You’ve heard about dances sweeping a city. Well, Paris, she’s full of teenagers with gelled spiky mullets and tight jeans, throwing down like it’s West Side Story cast by American Apparel executives and choreographed by Kanye West on ecstasy. We’re about two months away from Gwen Stefani’s next album featuring these guys:
But it’s no joke: Boys really do throw down on the Paris streets. I’ve had several sightings around town of teenage kids, the kind who seem intimidating and dangerous when they’re bearing down the sidewalk at me, suddenly explode into dance with no soundtrack or cue, the city their rave, the streets their disco.

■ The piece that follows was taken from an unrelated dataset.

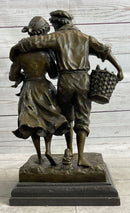 Fisherman Family Bronze Sculpture Romantic Figure 16" x 8"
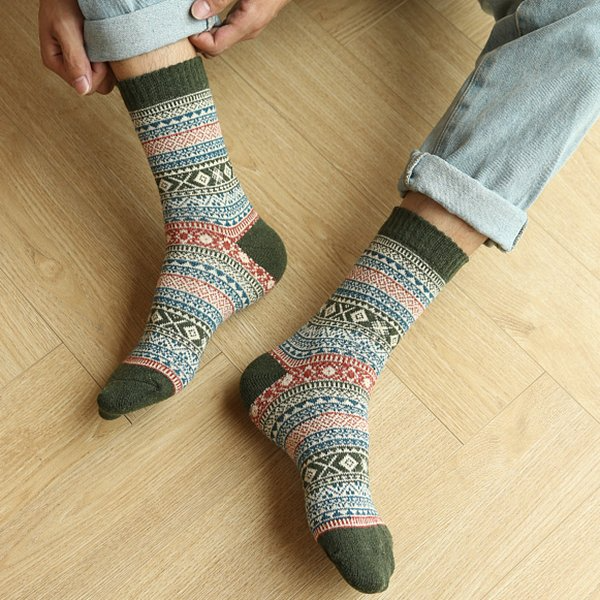 5 Pairs Men's Retro Ethnic Style Woolen Socks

Two weeks ago, my wife and I wandered by accident into the techno parade in Place de la Bastille. There were a lot of dodgy guys, age 40 or so, who wanted to sell me something, or possibly steal me something. Otherwise the crowd was hundreds, thousands of young people. They’d climbed up the monument, and were hauling friends over the barrier fences by their shirts. And they danced everywhere. This same stupid dance that has no soul to it, just arm trickery and planted feet, I thought, like that kid who can flip a coin back and forth across his knuckles. But I only lasted 10 minutes, and they stayed all night drinking beer and twirling glowsticks, an interminable part of whatever was coming unstoppably next. Why Sarkozy hasn’t grown a mullet yet is probably a style regulation, seeing how Techtonik is exactly what he wants to see more of in France: home-grown innovations the world’s never seen before, from private development to a public embrace.

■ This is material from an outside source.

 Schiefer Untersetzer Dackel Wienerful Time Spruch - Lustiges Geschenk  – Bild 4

My father visited last weekend. Saturday evening, on our way out to dinner, we passed a record store mobbed with kids. They were waiting outside for something, and while they waited, they danced. There wasn’t even any music. More kept arriving. They’d put down their backpacks, check their hair in the shop window, then start doing that snaky thing with their arms. Another block, we saw kids on the steps of a post office dancing in place, seemingly unaware that there were a hundred of their comrades around the corner. The music came from a cell phone perched atop a mailbox. I counted about a dozen of them: skinny kids and fat kids, blacks and whites, mostly boys but also two girls. It was twilight on a Saturday. The neighborhood was quiet except for this one tinny beat. No on talked, the kids just danced. And for as little as they moved, the tails on their mullets were already sweaty.